Après la révolution de 2011, Jacob Lellouche occulte soigneusement cette relation. Il est alors candidat de l’Union populaire républicaine (UPR) à l’Assemblée constituante – le premier et le seul Tunisien de confession juive à se présenter à la députation, notera-t-on à l’époque.

Il ne sera pas élu. Cela n’empêchera pas ce touche-à-tout, qui a publié plusieurs livres sur la cuisine judéo-arabe, de continuer à brasser des projets, en particulier celui d’un musée de la mémoire juive pour lequel il crée une association, Dar El Dhekra (Maison de la mémoire), installée au-dessus de son restaurant. L’initiative, louable, ne s’accompagne d’aucun travail historique digne de ce nom.

La révolution de 2011 et les années suivantes ne sont pas propices aux affaires. Le contexte change. Les islamistes et de nouvelles tendances politiques apparaissent sans que Jacob y trouve ses marques.
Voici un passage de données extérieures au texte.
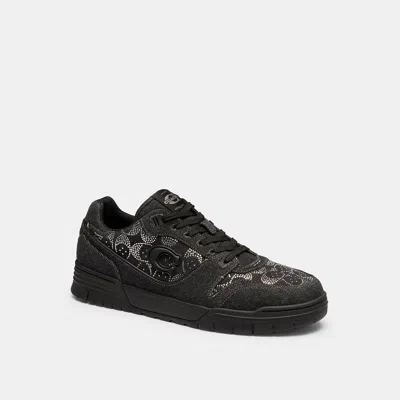 Coach Soho Sneaker With Crystal Signature Size 7.5 In Black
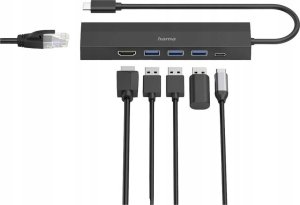 HUB USB Hama HAMA USB-C Hub Multiport 6 Ports 3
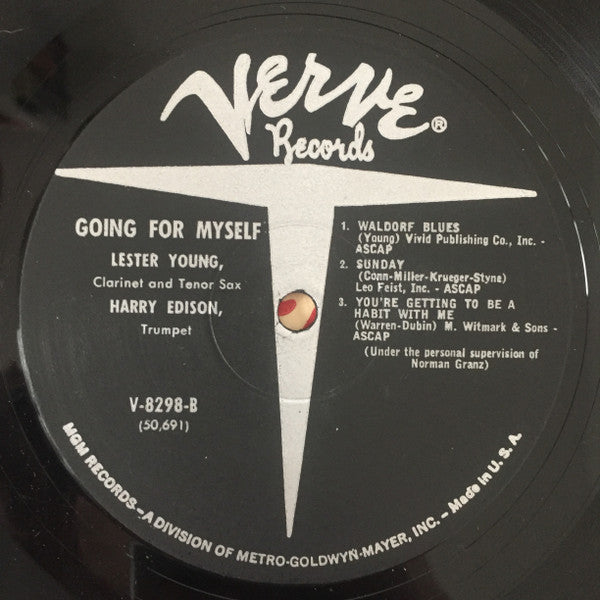 Harry Edison, Lester Young : Going For Myself... (LP, Album, Mono, RE)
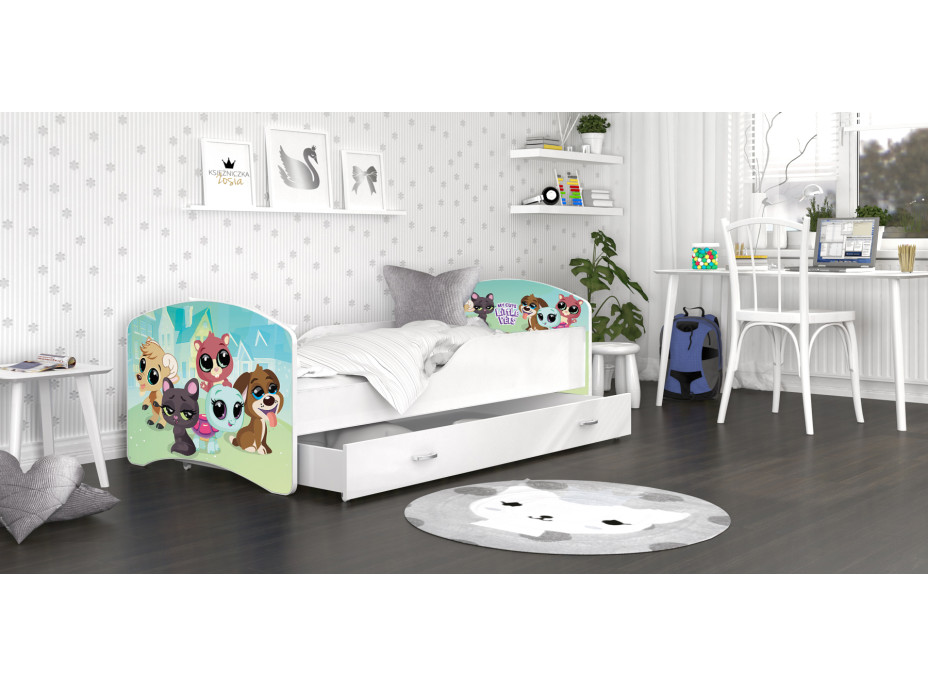 Dětská postel IGOR se šuplíkem - 180x80 cm - PETS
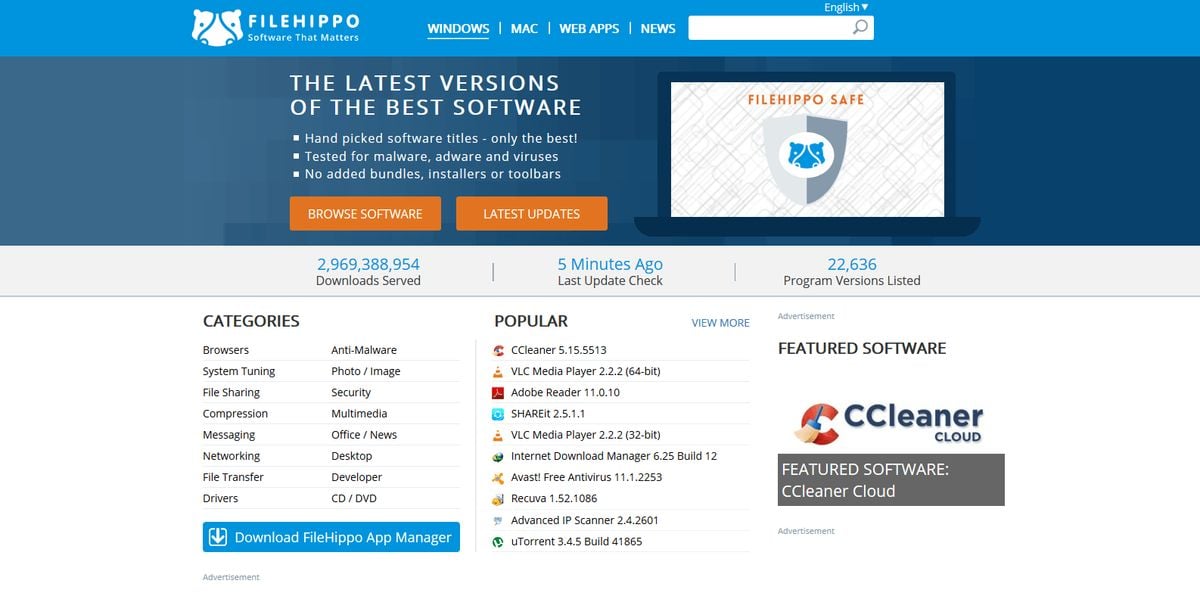 FileHippo: App Reviews, Features, Pricing & Download | AlternativeTo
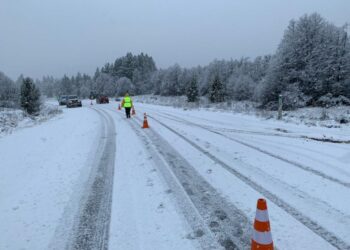 Para enfrentar el invierno refuerzan medidas preventivas y cortes programados en Ruta 7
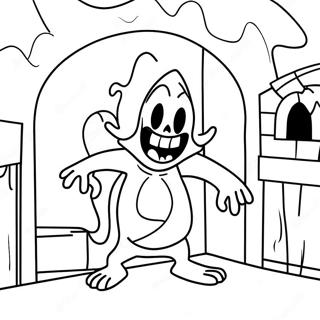 Pagina Da Colorare Di Scary Larry In Una Casa Infestata 70734-58470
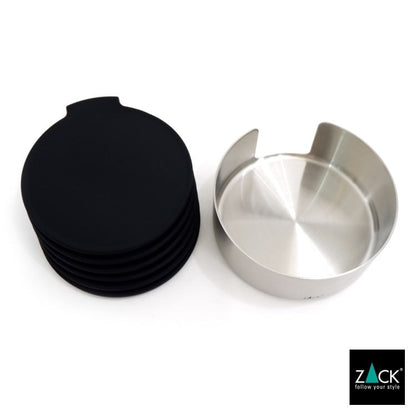 ZACK 20372 NORTA ドイツZACK社製モダンデザインのコースターとホルダー (6枚セット) HL [在庫有り] H2-70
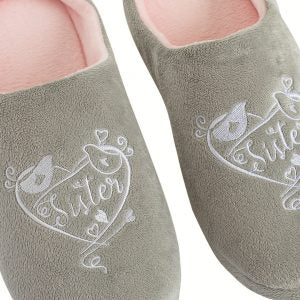 Said with Sentiment Slippers Sister large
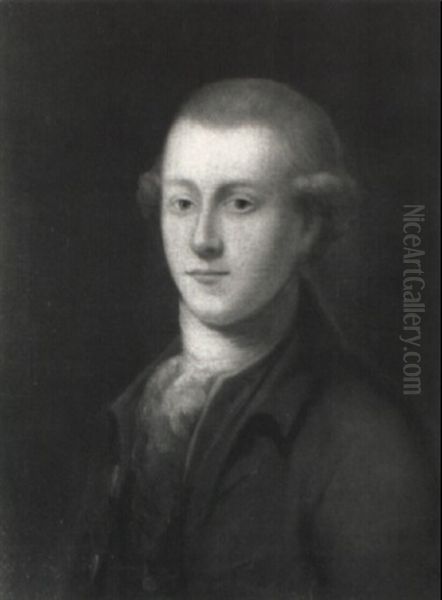 Portrait Of A Gentleman In A Brown Coat And White Cravat - view 1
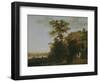 An Evening Ride Near a River-Aelbert Cuyp-Framed Giclee Print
Celui qui s’appropriait l’air du « J’habite seul avec maman », de Charles Aznavour, doit se faire une raison : Lily vieillit, et l’envie n’y est plus.

Jacob se résout à vendre le restaurant, tout en annonçant sur les réseaux sociaux que cette fermeture est due… à des menaces terroristes. Une pure invention, il finira par le reconnaître, mais ce nouveau mensonge le coupe de son dernier carré d’amis fidèles. Dans une ultime tentative de rebondir, il s’installe à La Marsa, où il crée, pour le café Le Saf-Saf, la ftira loca, une variante du beignet traditionnel. Ce sera sa dernière trouvaille : Gilles Jacob Lellouche est mort le 29 mars 2023, des suites d’un accident vasculaire cérébral.